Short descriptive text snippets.
Content starts

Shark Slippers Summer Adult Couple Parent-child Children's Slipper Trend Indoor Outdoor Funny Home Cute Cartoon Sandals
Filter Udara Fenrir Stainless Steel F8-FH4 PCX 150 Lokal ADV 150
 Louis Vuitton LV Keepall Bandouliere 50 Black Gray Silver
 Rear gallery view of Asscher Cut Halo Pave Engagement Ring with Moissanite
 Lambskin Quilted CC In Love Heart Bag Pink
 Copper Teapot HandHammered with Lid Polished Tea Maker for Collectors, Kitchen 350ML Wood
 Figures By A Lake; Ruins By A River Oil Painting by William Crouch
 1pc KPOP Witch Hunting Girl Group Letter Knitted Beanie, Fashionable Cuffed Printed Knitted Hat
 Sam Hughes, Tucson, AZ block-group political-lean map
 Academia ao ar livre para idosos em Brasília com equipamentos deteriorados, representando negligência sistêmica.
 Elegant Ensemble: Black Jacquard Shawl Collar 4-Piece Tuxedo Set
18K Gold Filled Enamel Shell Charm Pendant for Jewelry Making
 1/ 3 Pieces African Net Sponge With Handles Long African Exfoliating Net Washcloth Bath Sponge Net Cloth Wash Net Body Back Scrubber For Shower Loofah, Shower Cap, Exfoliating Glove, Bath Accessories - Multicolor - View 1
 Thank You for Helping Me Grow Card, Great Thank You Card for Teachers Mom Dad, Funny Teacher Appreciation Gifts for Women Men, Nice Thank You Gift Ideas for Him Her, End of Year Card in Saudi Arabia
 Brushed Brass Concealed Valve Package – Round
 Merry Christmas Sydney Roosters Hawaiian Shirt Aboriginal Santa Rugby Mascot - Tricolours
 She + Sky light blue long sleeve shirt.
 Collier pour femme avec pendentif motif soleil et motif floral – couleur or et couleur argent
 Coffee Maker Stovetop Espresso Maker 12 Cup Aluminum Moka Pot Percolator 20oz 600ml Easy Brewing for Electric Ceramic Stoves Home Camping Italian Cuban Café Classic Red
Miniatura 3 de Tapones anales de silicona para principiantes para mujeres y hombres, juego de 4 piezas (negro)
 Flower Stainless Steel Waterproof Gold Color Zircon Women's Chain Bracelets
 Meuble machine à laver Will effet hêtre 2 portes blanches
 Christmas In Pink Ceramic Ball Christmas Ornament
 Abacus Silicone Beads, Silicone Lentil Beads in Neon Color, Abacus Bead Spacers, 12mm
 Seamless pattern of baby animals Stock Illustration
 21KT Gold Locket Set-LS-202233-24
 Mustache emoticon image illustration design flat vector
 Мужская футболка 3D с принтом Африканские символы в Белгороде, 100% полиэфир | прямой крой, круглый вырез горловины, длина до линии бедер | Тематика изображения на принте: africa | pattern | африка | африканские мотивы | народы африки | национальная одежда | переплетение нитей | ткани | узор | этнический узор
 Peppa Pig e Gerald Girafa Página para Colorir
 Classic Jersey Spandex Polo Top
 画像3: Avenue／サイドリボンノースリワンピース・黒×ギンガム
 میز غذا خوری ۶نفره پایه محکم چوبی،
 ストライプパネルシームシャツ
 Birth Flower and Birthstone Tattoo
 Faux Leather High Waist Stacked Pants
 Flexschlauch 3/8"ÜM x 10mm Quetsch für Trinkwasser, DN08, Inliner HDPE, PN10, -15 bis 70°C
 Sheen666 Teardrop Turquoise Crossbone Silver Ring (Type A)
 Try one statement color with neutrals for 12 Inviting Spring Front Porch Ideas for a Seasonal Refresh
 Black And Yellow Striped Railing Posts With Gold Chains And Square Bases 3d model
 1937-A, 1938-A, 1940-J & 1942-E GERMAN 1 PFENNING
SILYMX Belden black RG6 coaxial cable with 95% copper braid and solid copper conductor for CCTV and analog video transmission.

Content ends

What you are asked to do.
Could you set down, word for word, only the lines above from the line with "Birth Flower and Birthstone Tattoo" to the line with "Sheen666 Teardrop Turquoise", including both?

Response for this exercise.
 Birth Flower and Birthstone Tattoo
 Faux Leather High Waist Stacked Pants
 Flexschlauch 3/8"ÜM x 10mm Quetsch für Trinkwasser, DN08, Inliner HDPE, PN10, -15 bis 70°C
 Sheen666 Teardrop Turquoise Crossbone Silver Ring (Type A)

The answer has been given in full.